Walking On The Sheep’s Head Peninsula

Walking On The Sheep’s Head Peninsula
The Sheep’s Head peninsula is one of quite a few beautiful areas in West Cork but what makes this special is that here, you do it yourself. You walk, that is. Of course, you may drive and see the beautiful scenery at each side of the peninsula but it is hard to beat the satisfaction of walking up there in those hills.

But it can be very unsatisfactory if you don't know exactly where you are going and sometimes you are half afraid to set out, even on a sunny day. But arm yourself with the easily obtainable information on the many walks here (and, of course, on what you should take with you). Do that and much of it becomes much more accessible. Here is an excellent resource courtesy of The Sheep’s Head Way. The main walk, by the way, which starts in Bantry is about 90 kilometres long!

Somewhere between the impetuosity of youth and the caution of old age, there is a path for you, maybe more than one!


We had a year previously made our amateur way from Bernie’s Cupan Tae cafe at Sheep’s Head out to the lighthouse, a tough enough walk (lots of mud and surface water that day) but very enjoyable. Last week we were looking to do something different. We didn't have the information about the various routes mentioned above when we stopped up on the viewing point at Seefin.

So, from the car park, we followed the marked posts along the rocky ridge and were rewarded with remarkable views to the left, starting with Kilcrohane village below in the flat, Dunmanus Bay huge in between, Three Castle Head hiding Mizen Head further away, right out to the Fastnet Lighthouse in the ocean. On our right as we walked, the blue waters of handsome Bantry Bay beckoned, Bere Island (lots of publications term it Bear Island) lay at peace and just beyond was the gorgeous Beara Peninsula with the Caha and Slieve Miskish Mountains, and hints of Kerry in the purple distance.
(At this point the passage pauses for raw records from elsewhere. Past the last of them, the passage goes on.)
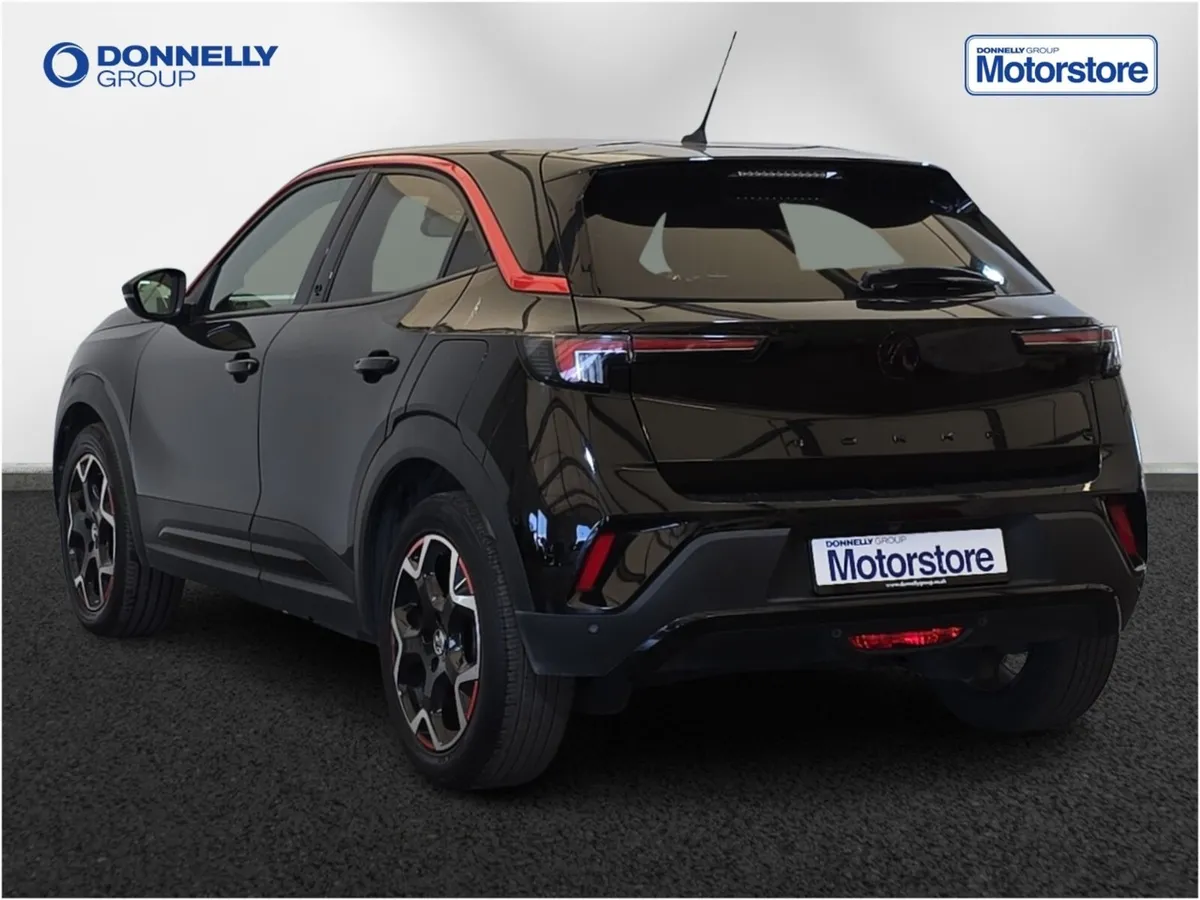 Vauxhall Mokka Electric Hatchback SRi Nav Premium - Image 2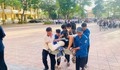 Áo xanh 'đội nắng' giúp thí sinh bị tai nạn vào phòng thi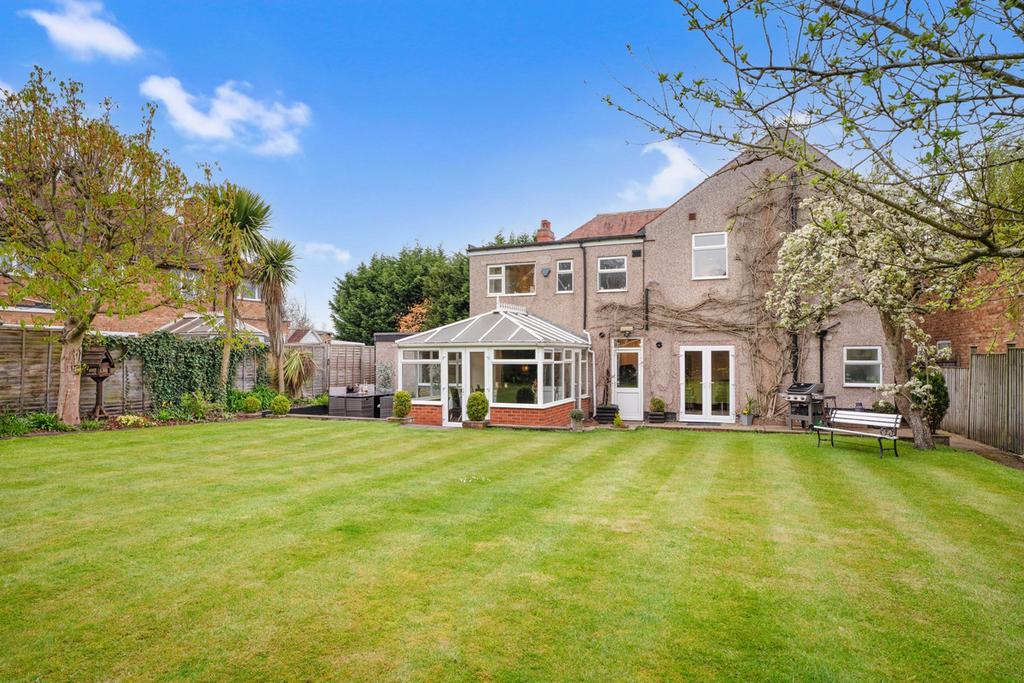 Broad Lane, Coventry, West Midlands CV5 7AR 5 bed detached house for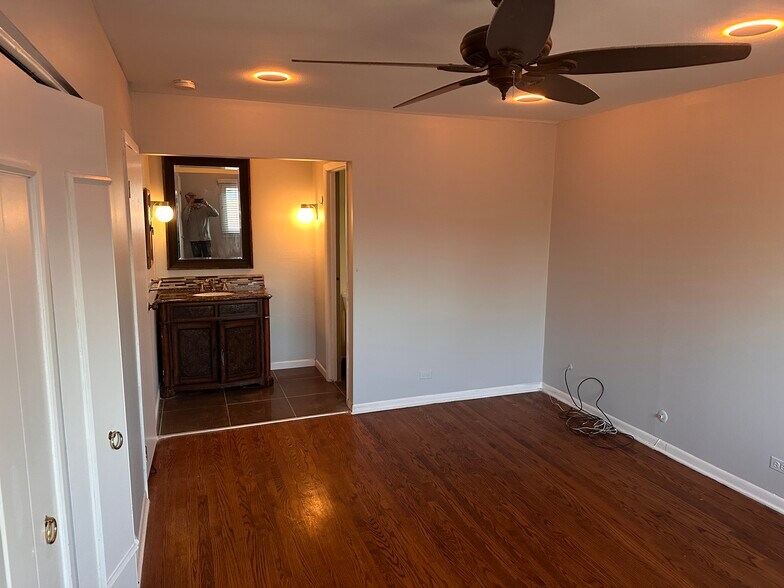 Building Photo - 4832 Old Orchard Rd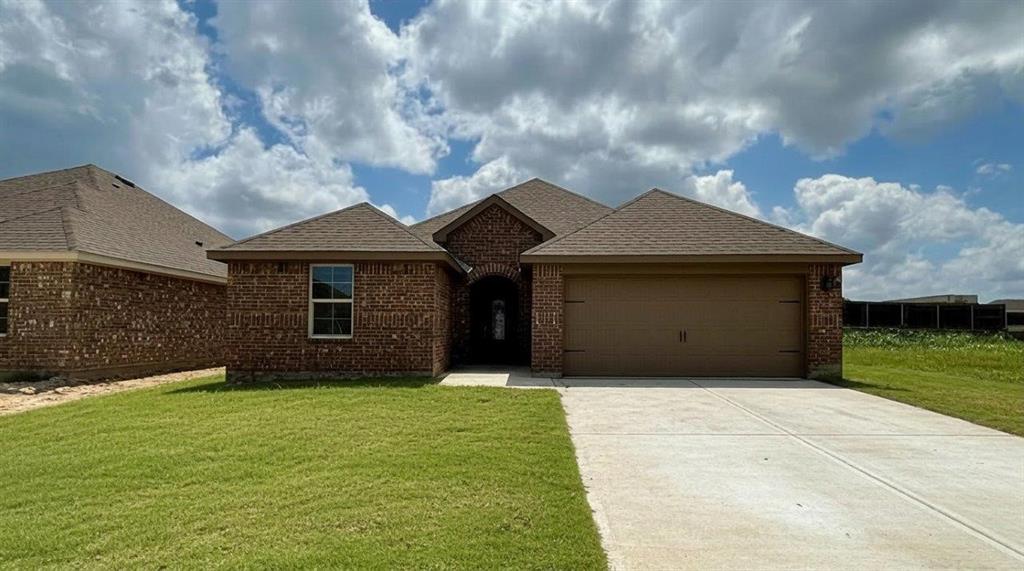 Brand new 4 2 2 home with back porch. Open floor plan with gourmet kitchen that opens up to the family room. Home features LPV in all living areas and wet areas. Carpet in bedrooms. Home is 100% full brick.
The posts are well spaced, easily seen and the track along the ridge was easy enough, my walking stick coming in handy. But it was our second walk of the day and after half an hour or so we reluctantly decided to turn back. Still it was an exhilarating walk with incredible views.
Bantry Bay
So we were feeling quite happy with ourselves as we got back to the car park. There a young man on his mountain bike, accompanied by two big black dogs, started cycling up the ridge (in the Bantry direction). We kept an eye on him, even got the binoculars out. At one point he put the bike over his shoulder and continued, walking onwards and upwards. Our exhilaration could well have been deflated. But not a bit of it. We were full of admiration and perhaps a little jealous!